There is only one sustainable way to compete: against ourselves.
I have been backpacking with people who turned hiking into a competition. They know of other hikers on a similar route and they feel like they need to hike faster. There are others who hike because they want to break records.There is nothing wrong with this mindset but it does not always foster appreciation for the more subtle things that I write about.
Constantly competing against other people is also more likely to cause burn-out. It is not a long-term solution for motivation.
I am not advocating for the life of a hermit; we can be hugely inspired by the people around us. But if we only ever compare ourselves to other people, we will lead tortured and depressed lives.
Most of our motivation needs to be internal. We have to compete with ourselves. As backpackers say “Hike your own hike.”
For musicians, this also involves a certain degree of not caring what other people think about you. Again, everything is better in moderation so that we don’t turn into uppity jerks. But if we are constantly bending to the thoughts of other people, we will lose ourselves.
I used to tell a story to elementary-school-age Cub Scouts who had just received the Arrow of Light, the highest honor for young scouts. It was about a fictional tribe of people whose rite of passage into adulthood involved climbing a mountain. When one of the boys finally reaches the top, he returns to the tribe and says that he saw more, taller mountains in the distance. The elder then says that adulthood is always finding higher mountains to climb.
I can remember seeing similar mountains in the distance after seemingly impossible summits. I can remember playing a concerto with my undergraduate orchestra and thinking that was the height of my career and that I could never play any better.

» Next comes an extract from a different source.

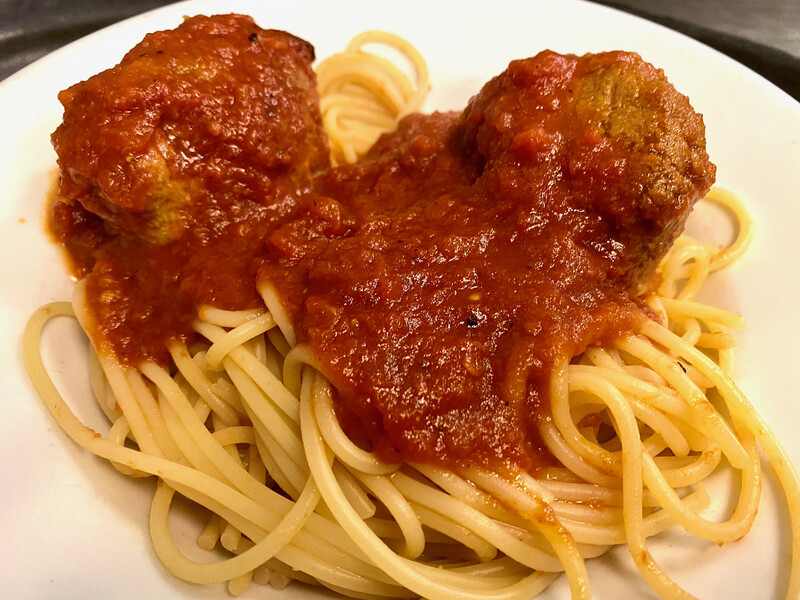 Meatballs OR Sausage (2)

I also remember competing against myself and climbing even taller, steeper mountains. I remember playing that same concerto years later and telling myself I was going to play it even better.
When it comes to motivation, self-improvement is most of what we need. When we compete against ourselves, we are simultaneously encouraged and empowered. When we can say “I am better now than I ever was,” it is one of the best experiences there is.
We just have to be better today than we were yesterday and we will be both happy and successful.